Naturally, trustees must not make any unauthorised personal profit at the expense of the fund although those who are also members can of course receive authorised retirement benefit payments.

In a Dentons’ SSAS all member trustees, along with a Professional Trustee, will together be the ‘scheme administrator’ for the purposes of the pension tax legislation. In addition each of those appointed as scheme administrator must be able to declare themselves as a ‘fit and proper person'.

There is an ongoing obligation for trustees to maintain a sufficient level of knowledge throughout their appointment as a trustee. This can be an onerous obligation for pension trustees, particularly as pension’s legislation can be very complex and they should obtain and follow specialist professional advice when necessary. 

Dentons’ Professional Trustee, Denton & Co Trustees Limited, will be appointed to assist member trustees in running the SSAS.

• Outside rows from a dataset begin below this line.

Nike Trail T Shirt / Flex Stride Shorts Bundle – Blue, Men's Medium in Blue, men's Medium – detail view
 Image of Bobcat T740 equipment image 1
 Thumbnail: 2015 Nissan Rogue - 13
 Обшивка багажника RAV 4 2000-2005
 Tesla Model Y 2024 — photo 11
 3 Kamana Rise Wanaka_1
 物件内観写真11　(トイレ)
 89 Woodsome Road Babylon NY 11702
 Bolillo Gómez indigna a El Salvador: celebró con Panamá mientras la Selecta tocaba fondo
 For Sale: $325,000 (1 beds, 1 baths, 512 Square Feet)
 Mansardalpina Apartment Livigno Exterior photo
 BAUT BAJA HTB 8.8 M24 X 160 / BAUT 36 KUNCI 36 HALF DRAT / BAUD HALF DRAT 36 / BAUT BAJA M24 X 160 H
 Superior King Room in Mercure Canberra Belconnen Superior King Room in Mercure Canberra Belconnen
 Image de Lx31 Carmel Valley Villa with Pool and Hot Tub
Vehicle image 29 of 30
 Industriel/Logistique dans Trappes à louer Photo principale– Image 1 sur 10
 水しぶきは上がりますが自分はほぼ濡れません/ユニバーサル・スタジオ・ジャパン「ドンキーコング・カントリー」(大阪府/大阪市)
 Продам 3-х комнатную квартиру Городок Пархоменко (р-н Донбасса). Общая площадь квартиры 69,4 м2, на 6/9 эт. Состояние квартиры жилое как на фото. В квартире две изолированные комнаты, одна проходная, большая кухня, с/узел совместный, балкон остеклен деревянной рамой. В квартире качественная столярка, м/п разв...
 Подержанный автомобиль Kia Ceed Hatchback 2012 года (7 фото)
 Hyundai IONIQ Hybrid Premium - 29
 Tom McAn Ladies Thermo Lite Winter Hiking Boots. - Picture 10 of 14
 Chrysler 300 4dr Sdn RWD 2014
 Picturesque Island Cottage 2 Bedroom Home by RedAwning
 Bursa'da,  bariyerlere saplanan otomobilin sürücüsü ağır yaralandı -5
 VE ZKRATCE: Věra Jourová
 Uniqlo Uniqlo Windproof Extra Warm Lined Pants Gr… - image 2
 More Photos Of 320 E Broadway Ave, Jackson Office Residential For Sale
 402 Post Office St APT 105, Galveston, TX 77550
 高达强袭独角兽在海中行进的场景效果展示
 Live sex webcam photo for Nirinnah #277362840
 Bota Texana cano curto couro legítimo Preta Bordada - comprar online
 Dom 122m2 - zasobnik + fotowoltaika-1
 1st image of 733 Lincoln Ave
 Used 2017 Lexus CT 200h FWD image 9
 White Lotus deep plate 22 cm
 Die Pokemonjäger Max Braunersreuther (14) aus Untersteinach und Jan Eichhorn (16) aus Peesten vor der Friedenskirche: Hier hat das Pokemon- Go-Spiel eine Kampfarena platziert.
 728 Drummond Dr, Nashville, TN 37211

  • Act in the best interests of beneficiaries

Trustees must act in the best interests of the scheme’s beneficiaries. A beneficiary is anyone who is entitled to, or who might receive, a benefit from the scheme, now or in the future.

  • Act impartially

Trustees must consider the interests of all the classes of beneficiary covered by the trust deed and rules, and act impartially between them. Trustees have to act fairly between beneficiaries too, weighing the interests of a particular beneficiary against the need to protect the interests of the beneficiaries as a whole. 

Powers of investment

The trust deed and rules give the trustees the same powers of investment as though they were absolutely entitled to the scheme assets, subject to any specific restrictions imposed by those rules and pensions legislation. 

The trust deed and rules also allow the trustees to delegate their powers of investment to others but where they do, they remain accountable for the actions taken by their delegates. 

The Pensions Regulator

The Pensions Regulator is the UK regulator of work-based pension schemes (e.g. trust based occupational pension schemes which includes SSASs) and is sponsored by the Department for Work and Pensions.

Codes of practice for the trustees of such schemes are available on the Pensions Regulator’s website and the most relevant one for the trustees of a SSAS is Code of Practice No. 13 which can be viewed online.